Thursday, February 12, 2015

Black holes are obvious answer to dark matter, why is that wrong?



Primordial Black Holes as dark matter candidate. I think this is interesting and new, in that there is a window of PBH masses (link from Count Iblis) And the first GW event from Ligo is right in that window.


This seems to be back in the news, (Well my latest copy of science news) Searching brings up previous papers (all behind pay walls.)


There have been some previous question here, and, more.



This seems like a nice solution, I'm mostly looking for other arXiv articles on the subject. Or reasons why it can't be so.


I edited my title to be a question.
Here's a link from one of my references.



Answer



As the article points out, there is a window between 20 to 100 solar masses available for black hole dark matter to evade the microlensing constraint mentioned in Sean Lakes's answer. Now, the possibility of primordial black hole dark matter has traditionally been considered for very small black hole masses. The idea was that after the big bang small mass black holes could have formed. Black hole masses that are very light, the mass of the Earth or lighter, would be strong gamma ray emitters via the Hawking process. If most of the dark matter mass were in the form of such light black holes, then that would inconsistent with the observed gamma ray background, so we can rule that out.

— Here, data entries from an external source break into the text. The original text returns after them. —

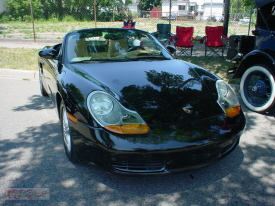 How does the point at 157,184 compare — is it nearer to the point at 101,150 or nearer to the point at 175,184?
the point at 175,184

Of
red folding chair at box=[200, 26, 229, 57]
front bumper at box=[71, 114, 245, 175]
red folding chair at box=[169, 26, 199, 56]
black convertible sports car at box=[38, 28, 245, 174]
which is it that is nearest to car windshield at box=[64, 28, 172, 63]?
black convertible sports car at box=[38, 28, 245, 174]

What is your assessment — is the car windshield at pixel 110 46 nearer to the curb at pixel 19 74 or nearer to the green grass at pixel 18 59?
the curb at pixel 19 74

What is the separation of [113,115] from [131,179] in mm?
659

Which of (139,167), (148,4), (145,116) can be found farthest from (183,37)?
(148,4)

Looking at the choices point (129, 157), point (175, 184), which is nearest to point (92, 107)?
point (129, 157)

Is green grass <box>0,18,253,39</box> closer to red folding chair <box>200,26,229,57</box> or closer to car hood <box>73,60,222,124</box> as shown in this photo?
red folding chair <box>200,26,229,57</box>

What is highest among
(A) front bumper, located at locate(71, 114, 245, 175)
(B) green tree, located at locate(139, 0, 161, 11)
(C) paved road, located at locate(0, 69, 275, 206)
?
(B) green tree, located at locate(139, 0, 161, 11)

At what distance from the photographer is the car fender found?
437 centimetres

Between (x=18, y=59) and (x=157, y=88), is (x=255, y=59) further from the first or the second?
(x=18, y=59)

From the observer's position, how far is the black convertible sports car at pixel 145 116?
7.97ft

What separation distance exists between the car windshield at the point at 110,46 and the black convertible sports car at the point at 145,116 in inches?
8.1

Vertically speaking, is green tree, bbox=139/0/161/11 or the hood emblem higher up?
green tree, bbox=139/0/161/11

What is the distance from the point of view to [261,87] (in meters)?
4.53

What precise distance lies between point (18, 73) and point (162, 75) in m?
5.72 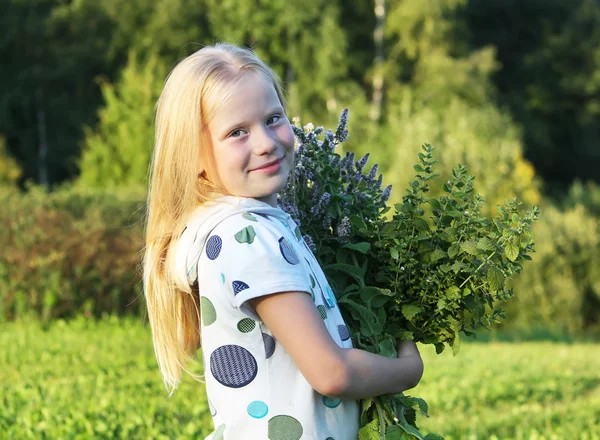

Larger mass black holes are ruled out via the microlensing constraint, but this leaves open the window between 20 and 100 solar masses. The question is then how such black holes could have formed. You cannot start out with the conventional low mass primordial black holes to get most of the dark matter mass in the 20 to 100 solar mass window via merger processes. But there are possible mechanisms to directly form heavy black holes during the inflationary era, see e.g. this article.